● **ACTIVITY**
Copy each line of the data below with the word "Auto".

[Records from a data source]
══════════════════════════════

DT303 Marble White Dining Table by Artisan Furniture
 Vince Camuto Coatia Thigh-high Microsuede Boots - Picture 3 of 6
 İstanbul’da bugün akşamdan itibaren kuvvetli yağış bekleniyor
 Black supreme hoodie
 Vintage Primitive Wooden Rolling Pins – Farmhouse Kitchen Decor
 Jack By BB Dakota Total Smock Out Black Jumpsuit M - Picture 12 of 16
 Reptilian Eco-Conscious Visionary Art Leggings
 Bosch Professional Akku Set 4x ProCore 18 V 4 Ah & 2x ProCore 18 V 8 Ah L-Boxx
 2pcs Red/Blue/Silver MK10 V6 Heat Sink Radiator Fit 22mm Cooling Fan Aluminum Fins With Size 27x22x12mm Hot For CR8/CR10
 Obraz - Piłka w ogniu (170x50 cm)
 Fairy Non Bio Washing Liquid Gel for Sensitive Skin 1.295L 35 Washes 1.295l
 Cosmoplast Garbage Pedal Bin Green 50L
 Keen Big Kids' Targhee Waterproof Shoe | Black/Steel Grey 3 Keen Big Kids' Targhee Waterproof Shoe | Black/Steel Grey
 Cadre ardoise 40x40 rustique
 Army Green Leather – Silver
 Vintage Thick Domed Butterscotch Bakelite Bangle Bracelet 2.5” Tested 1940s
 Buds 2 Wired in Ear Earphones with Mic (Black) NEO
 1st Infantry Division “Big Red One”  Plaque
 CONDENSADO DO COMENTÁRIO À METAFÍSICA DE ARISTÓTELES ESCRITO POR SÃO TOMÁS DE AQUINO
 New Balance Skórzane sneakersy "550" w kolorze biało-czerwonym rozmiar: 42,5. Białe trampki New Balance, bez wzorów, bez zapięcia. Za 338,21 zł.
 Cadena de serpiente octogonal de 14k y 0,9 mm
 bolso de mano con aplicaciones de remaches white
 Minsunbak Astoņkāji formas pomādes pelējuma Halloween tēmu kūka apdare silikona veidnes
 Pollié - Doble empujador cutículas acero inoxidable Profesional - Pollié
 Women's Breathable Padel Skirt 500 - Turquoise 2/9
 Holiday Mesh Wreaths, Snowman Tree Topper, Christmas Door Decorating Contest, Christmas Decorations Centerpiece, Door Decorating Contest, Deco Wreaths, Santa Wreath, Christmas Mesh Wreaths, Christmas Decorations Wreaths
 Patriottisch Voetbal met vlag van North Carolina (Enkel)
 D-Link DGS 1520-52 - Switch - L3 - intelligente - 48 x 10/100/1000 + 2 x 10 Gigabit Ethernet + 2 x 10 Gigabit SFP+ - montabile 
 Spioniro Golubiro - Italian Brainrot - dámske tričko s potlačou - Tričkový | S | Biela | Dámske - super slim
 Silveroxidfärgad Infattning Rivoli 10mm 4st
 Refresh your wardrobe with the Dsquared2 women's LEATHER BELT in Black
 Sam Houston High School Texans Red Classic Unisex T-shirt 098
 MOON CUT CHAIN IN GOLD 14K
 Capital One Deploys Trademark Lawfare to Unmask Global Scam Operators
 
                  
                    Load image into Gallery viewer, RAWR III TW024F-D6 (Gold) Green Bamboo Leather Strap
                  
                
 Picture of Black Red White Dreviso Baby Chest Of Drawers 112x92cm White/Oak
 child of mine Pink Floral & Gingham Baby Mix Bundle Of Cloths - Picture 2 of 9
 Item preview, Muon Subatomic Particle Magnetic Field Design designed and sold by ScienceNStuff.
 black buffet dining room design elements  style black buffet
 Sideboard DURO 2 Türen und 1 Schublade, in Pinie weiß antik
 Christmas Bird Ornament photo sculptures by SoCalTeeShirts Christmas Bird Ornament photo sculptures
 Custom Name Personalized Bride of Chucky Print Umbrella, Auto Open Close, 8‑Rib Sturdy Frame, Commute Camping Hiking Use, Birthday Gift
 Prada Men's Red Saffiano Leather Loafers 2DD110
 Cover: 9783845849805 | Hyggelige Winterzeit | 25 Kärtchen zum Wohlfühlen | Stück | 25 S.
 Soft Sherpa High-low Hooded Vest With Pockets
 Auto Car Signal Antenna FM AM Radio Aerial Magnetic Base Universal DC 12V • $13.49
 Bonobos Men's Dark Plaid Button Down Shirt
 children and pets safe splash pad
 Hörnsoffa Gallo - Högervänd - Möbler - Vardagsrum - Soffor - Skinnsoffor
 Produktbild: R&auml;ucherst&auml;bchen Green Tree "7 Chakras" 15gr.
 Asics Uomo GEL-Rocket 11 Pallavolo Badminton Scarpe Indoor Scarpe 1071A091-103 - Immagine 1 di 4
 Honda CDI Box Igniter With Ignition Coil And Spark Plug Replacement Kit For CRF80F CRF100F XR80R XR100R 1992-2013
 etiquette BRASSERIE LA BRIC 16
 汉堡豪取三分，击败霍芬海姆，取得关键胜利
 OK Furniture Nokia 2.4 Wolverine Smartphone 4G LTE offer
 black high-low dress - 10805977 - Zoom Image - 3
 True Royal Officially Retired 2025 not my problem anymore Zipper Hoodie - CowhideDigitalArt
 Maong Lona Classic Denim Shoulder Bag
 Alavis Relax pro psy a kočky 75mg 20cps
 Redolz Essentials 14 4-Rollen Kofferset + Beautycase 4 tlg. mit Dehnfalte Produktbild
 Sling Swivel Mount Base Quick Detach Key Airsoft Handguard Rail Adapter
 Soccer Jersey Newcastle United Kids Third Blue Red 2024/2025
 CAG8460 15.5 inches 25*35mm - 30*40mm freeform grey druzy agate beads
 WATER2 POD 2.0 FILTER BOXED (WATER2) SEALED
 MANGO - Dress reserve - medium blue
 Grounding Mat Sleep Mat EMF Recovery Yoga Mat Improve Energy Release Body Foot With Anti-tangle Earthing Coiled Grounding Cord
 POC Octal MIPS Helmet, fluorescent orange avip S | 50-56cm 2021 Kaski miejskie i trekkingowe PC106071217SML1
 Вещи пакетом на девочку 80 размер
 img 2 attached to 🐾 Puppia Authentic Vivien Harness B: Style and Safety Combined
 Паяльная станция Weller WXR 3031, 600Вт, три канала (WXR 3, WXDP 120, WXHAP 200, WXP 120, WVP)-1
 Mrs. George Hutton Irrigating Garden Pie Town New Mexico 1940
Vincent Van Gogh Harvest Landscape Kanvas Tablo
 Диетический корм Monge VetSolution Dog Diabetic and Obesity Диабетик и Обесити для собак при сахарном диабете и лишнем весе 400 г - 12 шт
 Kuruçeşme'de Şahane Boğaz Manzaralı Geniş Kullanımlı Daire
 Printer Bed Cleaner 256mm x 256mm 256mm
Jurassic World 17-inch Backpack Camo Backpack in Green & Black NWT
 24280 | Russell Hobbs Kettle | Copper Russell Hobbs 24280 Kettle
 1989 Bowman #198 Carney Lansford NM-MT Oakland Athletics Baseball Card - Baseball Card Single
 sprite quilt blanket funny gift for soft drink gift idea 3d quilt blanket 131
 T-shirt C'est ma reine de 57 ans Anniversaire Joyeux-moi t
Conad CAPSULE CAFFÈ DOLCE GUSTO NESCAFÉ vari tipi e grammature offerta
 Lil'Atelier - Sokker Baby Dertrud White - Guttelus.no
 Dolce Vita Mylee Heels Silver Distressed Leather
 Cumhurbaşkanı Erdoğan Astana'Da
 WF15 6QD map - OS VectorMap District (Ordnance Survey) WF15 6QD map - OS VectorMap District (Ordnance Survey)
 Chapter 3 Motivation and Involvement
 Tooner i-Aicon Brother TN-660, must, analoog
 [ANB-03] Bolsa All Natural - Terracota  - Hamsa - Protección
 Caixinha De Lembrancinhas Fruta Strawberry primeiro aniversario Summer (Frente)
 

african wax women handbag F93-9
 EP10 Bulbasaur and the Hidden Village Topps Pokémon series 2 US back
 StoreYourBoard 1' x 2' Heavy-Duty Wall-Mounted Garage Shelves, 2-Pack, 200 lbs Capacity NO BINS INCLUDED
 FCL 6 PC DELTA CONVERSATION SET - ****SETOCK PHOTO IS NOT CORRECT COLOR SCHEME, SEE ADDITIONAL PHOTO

══════════════════════════════

● **EXPECTED ANSWER**
 Custom Name Personalized Bride of Chucky Print Umbrella, Auto Open Close, 8‑Rib Sturdy Frame, Commute Camping Hiking Use, Birthday Gift
 Auto Car Signal Antenna FM AM Radio Aerial Magnetic Base Universal DC 12V • $13.49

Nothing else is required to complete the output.